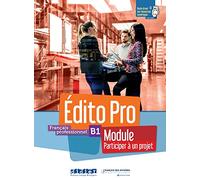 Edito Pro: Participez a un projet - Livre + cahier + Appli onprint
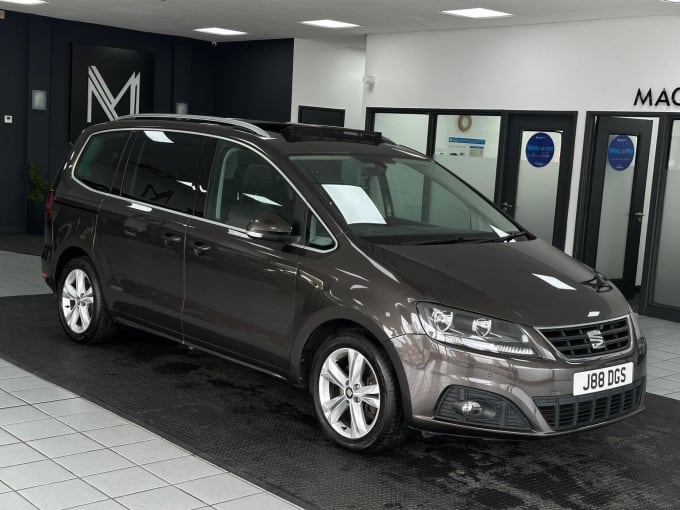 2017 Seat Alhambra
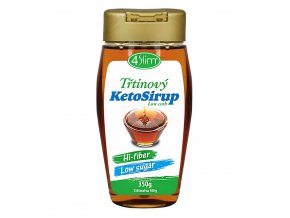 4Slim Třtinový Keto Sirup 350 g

...

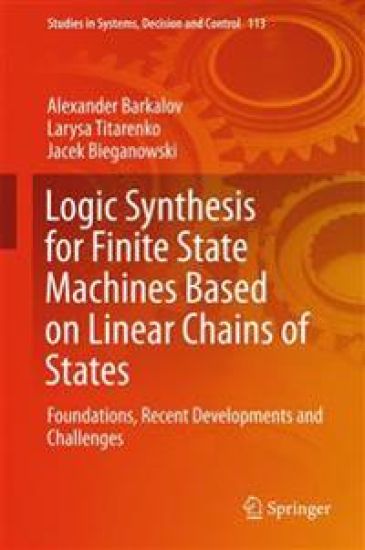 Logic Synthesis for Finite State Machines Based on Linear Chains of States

About this task — In the data above, find the line containing "Edito Pro: Participez" and the line containing "4Slim Třtinový Keto Sirup 350 g". Copy exactly the stretch from the first through the second, both included, leaving out any picture.

Expected answer —
 Edito Pro: Participez a un projet - Livre + cahier + Appli onprint
 2017 Seat Alhambra
 4Slim Třtinový Keto Sirup 350 g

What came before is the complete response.